Task to carry out: Find "Truly Cooka Collection" in the data below; transcribe the line it appears on and each line after it, exactly, to the end, and nothing else.
START Data extract
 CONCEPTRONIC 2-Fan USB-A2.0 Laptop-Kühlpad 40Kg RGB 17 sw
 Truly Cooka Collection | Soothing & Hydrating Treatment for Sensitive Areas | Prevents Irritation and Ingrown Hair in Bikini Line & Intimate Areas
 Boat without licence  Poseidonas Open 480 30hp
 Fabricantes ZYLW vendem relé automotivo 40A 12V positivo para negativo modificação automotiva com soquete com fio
END Data extract
The completed task:
 Truly Cooka Collection | Soothing & Hydrating Treatment for Sensitive Areas | Prevents Irritation and Ingrown Hair in Bikini Line & Intimate Areas
 Boat without licence  Poseidonas Open 480 30hp
 Fabricantes ZYLW vendem relé automotivo 40A 12V positivo para negativo modificação automotiva com soquete com fio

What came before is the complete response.